Return each line of the records holding the string "with".

==== DATASET ENTRIES

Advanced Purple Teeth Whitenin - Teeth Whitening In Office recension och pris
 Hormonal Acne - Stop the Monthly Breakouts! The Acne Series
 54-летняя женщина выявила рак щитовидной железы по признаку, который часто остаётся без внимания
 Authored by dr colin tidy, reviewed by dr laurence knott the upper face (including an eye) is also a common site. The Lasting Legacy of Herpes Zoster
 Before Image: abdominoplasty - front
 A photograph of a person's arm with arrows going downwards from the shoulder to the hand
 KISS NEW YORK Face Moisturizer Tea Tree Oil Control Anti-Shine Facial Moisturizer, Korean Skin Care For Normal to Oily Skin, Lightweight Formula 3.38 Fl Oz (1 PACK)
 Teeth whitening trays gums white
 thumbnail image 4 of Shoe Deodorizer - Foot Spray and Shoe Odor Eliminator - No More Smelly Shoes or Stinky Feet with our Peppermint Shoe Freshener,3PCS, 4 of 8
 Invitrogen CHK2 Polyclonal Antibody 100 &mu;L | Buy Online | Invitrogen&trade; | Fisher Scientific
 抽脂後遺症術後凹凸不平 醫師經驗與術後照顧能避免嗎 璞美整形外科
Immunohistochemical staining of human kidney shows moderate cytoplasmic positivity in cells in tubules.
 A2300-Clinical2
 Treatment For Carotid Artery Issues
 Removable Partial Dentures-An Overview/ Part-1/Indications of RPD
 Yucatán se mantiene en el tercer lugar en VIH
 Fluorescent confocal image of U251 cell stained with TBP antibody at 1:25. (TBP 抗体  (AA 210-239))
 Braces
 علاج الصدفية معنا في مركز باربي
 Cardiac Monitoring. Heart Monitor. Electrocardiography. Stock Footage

========

| ANSWER SPACE |
 A photograph of a person's arm with arrows going downwards from the shoulder to the hand
 thumbnail image 4 of Shoe Deodorizer - Foot Spray and Shoe Odor Eliminator - No More Smelly Shoes or Stinky Feet with our Peppermint Shoe Freshener,3PCS, 4 of 8
 Fluorescent confocal image of U251 cell stained with TBP antibody at 1:25. (TBP 抗体  (AA 210-239))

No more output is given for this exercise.